Di dalam rumah mungil berukuran 3×5 meter, Muhammad Raja Afnan terbaring kaku. Bocah 15 tahun itu pergi dengan menyisakan tanya dan duka yang membekas dalam.
Tak ada yang menyangka akhir hidup Afnan akan seperti ini. Di lingkungan tempat tinggalnya, Afnan dikenal sebagai anak yang tidak neko-neko. Pendiam, sopan, dan rajin membantu.
“Kalau azan, dia selalu duluan ke masjid,” kenang Ibu Nita, tetangga yang sehari-hari melihat Afnan tumbuh.

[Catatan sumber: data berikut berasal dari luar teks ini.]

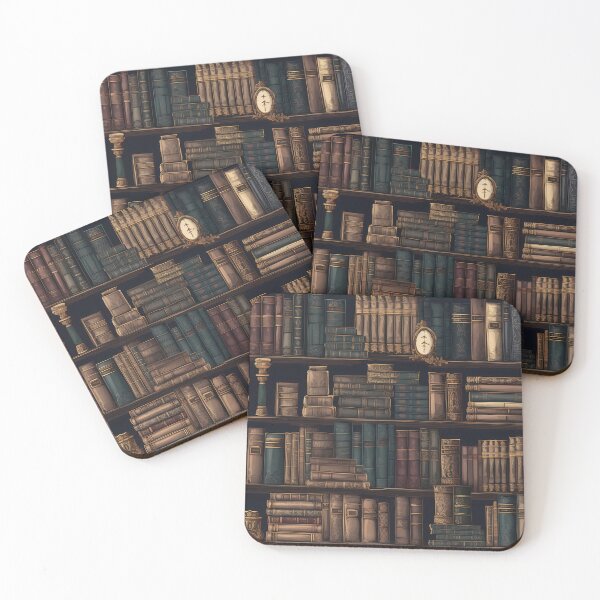 Item preview, Dark Library Dark Academia designed and sold by Michele Bergh.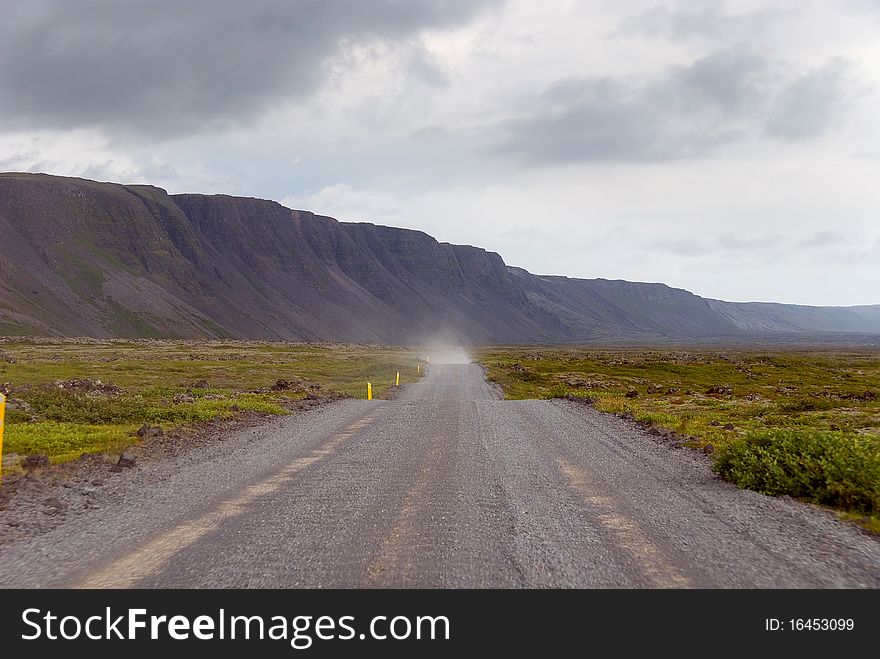 Iceland Dirt Road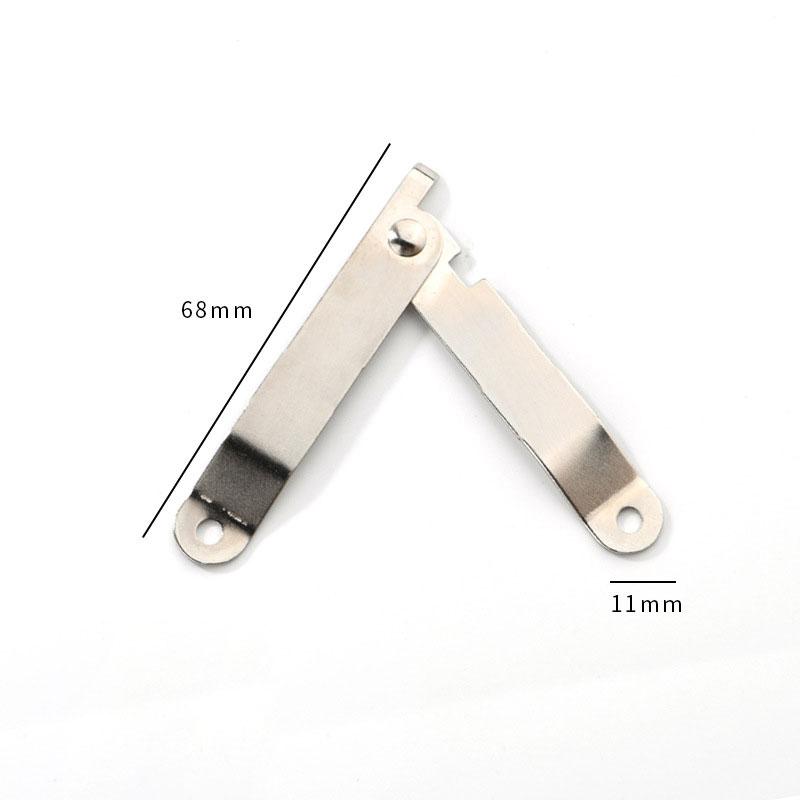 2pcs Lid Support Hinges Antique Bronze Wooden Box Positioning Tripod Furniture Hinge Hardware Bracket Cabinet Door Accessories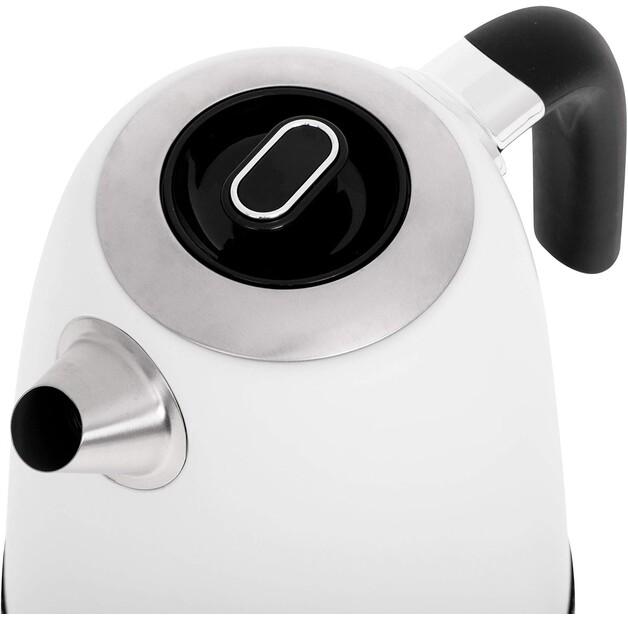 Чайник Adler AD 1295w satin white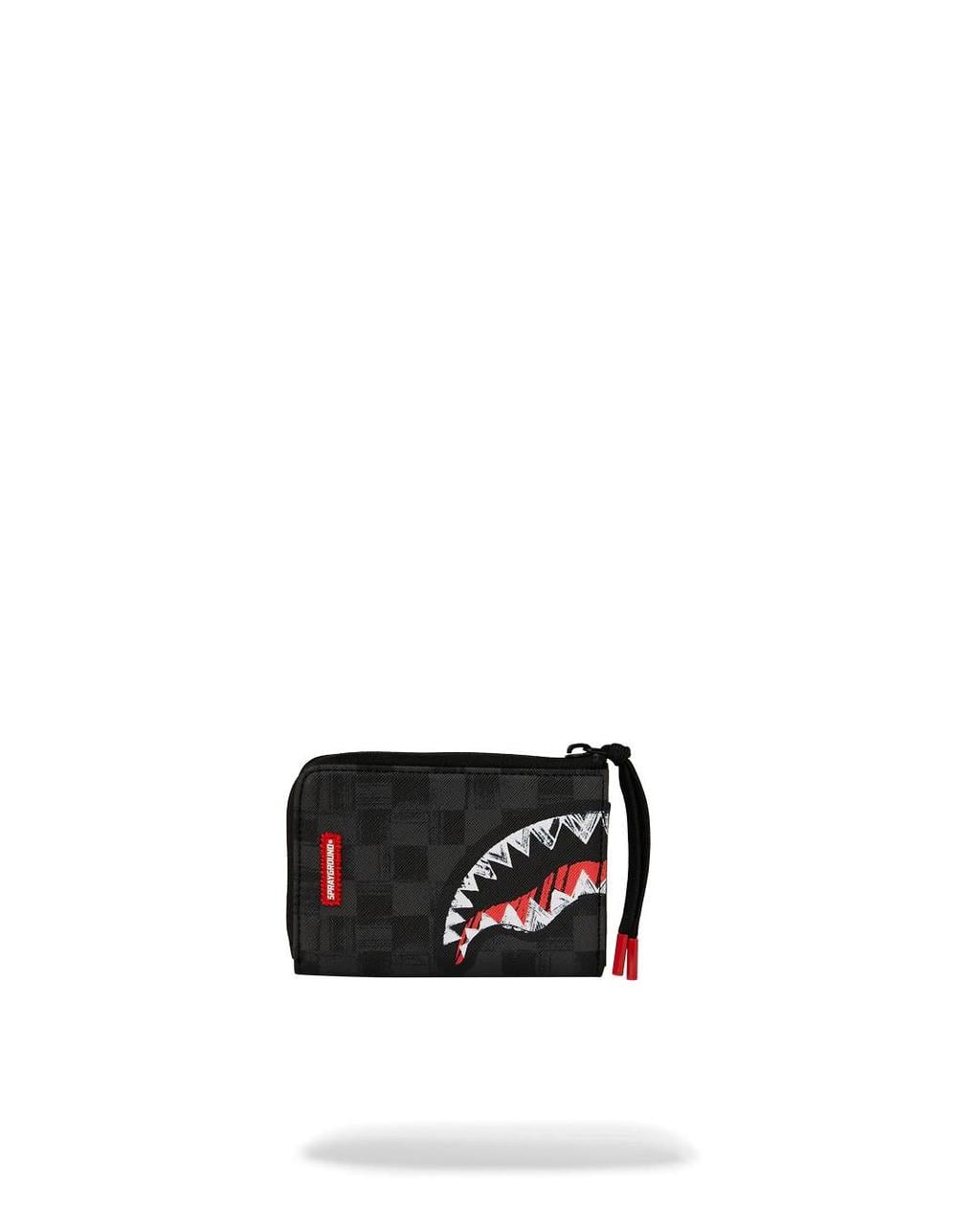 Гаманець Sprayground 8230 Midnight Shadow wallet (34061154)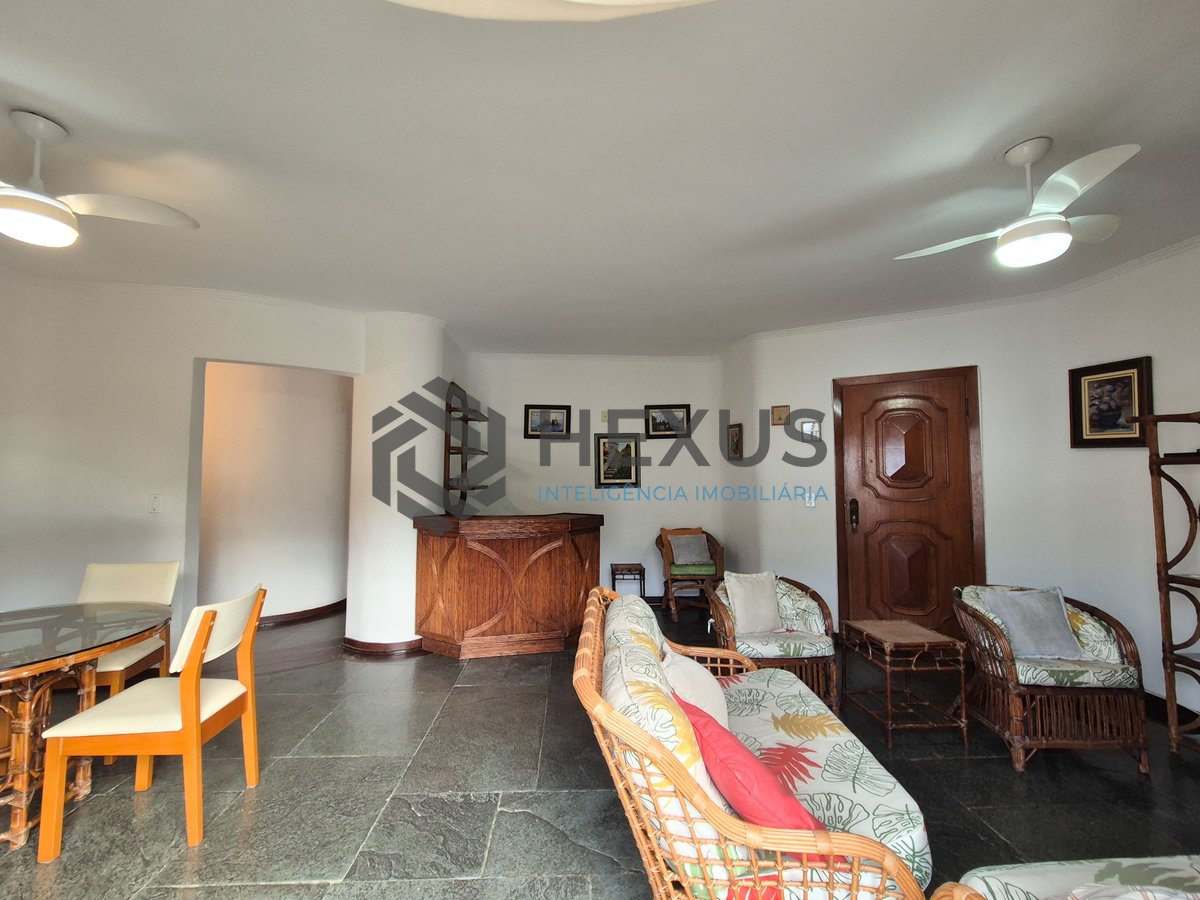 Foto 7 de Apartamento reformado com varanda e lazer, Guarujá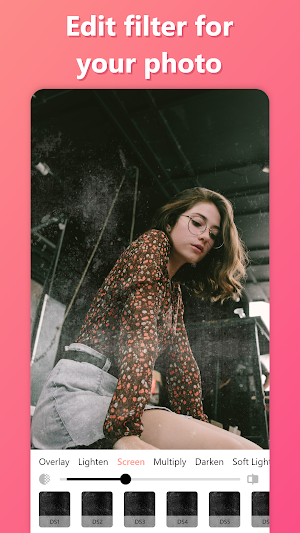 Free photo filters: Cool photo effects-Auto filter Screenshot 1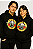 Moletom preto com capuz Guns - Imagem 3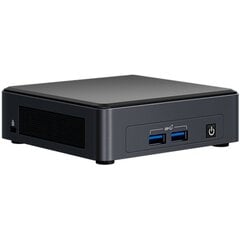 Intel NUC 11 Pro Kit NUC11TNKi5, no cord, single pack hinta ja tiedot | Pöytätietokoneet | hobbyhall.fi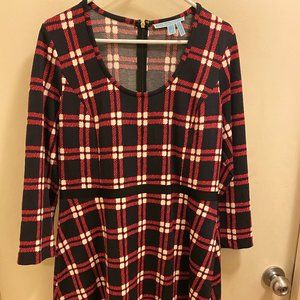 Draper James dress for the win!!!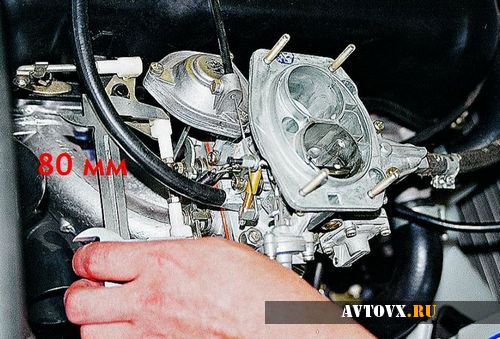 Регулировка тяг карбюратора ВАЗ 2106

Namun dua hari sebelum ajal menjemput di Rumah sakit Islam Faisal, Afnan mulai mengeluh. Kepada ayahnya, Ical, ia bercerita soal pengeroyokan yang dialaminya.
Tiga orang, begitu katanya, sambil mengangkat tiga jari. Luka mulai tampak dibelakang samping ketiak seperti terbakar sundutan rokok, dan sobekan baju.
Awalnya, Afnan diduga terserang demam berdarah. Namun setelah dirawat, dokter mulai curiga. Luka-luka itu tak lazim, tidak cocok dengan gejala yang biasa menyertai penyakit tersebut. Ia juga sempat mengeluh pusing hebat kepada neneknya.
“Tapi dia tidak bilang ke saya. Katanya takut,” ujar sang ibu, Katrina.